Bekannter allerdings wurde das Berliner Meisterstück des 1617 in Zwolle geborenen Gerard ter Borch als „Väterliche Ermahnung“. So nennt Johann Wolfgang von Goethe das berühmte Gemälde in seinen „Wahlverwandtschaften“. In der kleinen, präzisen Kabinettsausstellung der Gemäldegalerie ist eine alte Textausgabe aufgeschlagen. Darin schildert der Dichter, wie die schöne Protagonistin Luciane und die Ihren in geselliger Runde die Niederländer-Szene als „tableau vivant“ nachstellen: „Einen Fuß über den andern geschlagen, sitzt ein edler ritterlicher Vater und scheint seiner vor ihm stehenden Tochter ins Gewissen zu reden. Diese, eine herrliche Gestalt, im faltenreichen weißen Atlaskleide, wird zwar nur von hinten gesehen, aber ihr ganzes Wesen scheint anzudeuten, dass sie sich zusammennimmt.“

Es gibt 24 Wiederholungen, vier sind in Berlin ausgestellt

Ein Reproduktionsstich von Johann Georg Wille legte dem Dichter diese Neu- und Fehlinterpretation nahe, durch seinen französischen Titel „L’Instruction paternelle“. Und schwupps, war die moralisch zweideutige Verführungsszene des niederländischen Barock dem prüderen Geschmack des 18. Jahrhunderts angepasst. In der Tat hat Gerard ter Borch seine bildliche Ménage à trois außerordentlich subtil komponiert und vieles in der Schwebe gelassen. Indem die weibliche Hauptfigur uns nicht ihr Gesicht zuwendet, sondern nur ihre schöne Rückseite, bleibt ihre Reaktion auf die männlichen Avancen unserer Spekulation überlassen.

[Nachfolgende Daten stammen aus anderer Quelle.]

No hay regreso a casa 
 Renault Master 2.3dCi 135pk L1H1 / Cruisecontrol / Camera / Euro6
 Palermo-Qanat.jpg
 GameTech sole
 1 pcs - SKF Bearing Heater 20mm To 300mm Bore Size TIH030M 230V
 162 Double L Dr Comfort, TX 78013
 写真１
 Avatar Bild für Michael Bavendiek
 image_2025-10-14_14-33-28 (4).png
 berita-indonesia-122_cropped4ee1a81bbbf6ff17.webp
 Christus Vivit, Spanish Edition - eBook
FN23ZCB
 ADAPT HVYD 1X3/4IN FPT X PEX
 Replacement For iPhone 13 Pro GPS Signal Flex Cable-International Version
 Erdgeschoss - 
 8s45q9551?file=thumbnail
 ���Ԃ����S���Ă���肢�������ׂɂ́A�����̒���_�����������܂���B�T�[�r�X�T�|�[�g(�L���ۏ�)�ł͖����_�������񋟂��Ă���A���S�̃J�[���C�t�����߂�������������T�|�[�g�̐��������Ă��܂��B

Dafür rückt ihr schimmerndes Taftkleid als malerische Hauptsensation des Bildes erst recht in den Blick. Wie sehr schon die Zeitgenossen diese bravourös in Falten gelegte Stofflichkeit und die darauf spielenden Lichtreflexe bewunderten, verrät die Flut von Varianten dieser splendiden Rückenfigur von Gerard ter Borch und seiner Werkstatt.

Die Schöne liest mal in einem Brief, mal sinniert sie vor sich hin

Insgesamt 24 Wiederholungen sind bekannt, vier Beispiele aus internationalen Privatsammlungen und der Dresdener Galerie nun in Berlin ausgestellt. Mal liest die Schöne in einem Brief, den offenbar gerade ein Page überbracht hat. Mal exerziert sie eine „Musikstunde“ mit ihrem behäbigen Korrepetitor, ein Notenheft in der Hand. Mal steht sie, auf dem vermutlich ersten Gemälde der ganzen Reihe, ganz alleine sinnend vor ihrem umso auffälligeren, roten Himmelbett. Immer aber macht ihr silbriges Atlaskleid beste Figur.

Nur auf dem Amsterdamer Gemälde steht rechts ein symbolträchtiger Hund in der häuslichen Szene. Mit ängstlich eingezogenem Schwanz wirft der struppige Vierbeiner dem Betrachter einen vieldeutigen Blick zu, als wittere er die unlauteren Absichten des männlichen Verführers. Auch auf dem Berliner Bild war das Tier ursprünglich zu sehen, wie jüngste Infrarotreflektografien ans Licht brachten. Doch irgendwann wurde die Leinwand rechts abgeschnitten, warum auch immer. So konzentriert sich jetzt alles auf das intime Techtelmechtel der drei Figuren. Und deren schillernde Aspekte, nicht nur im Textilen.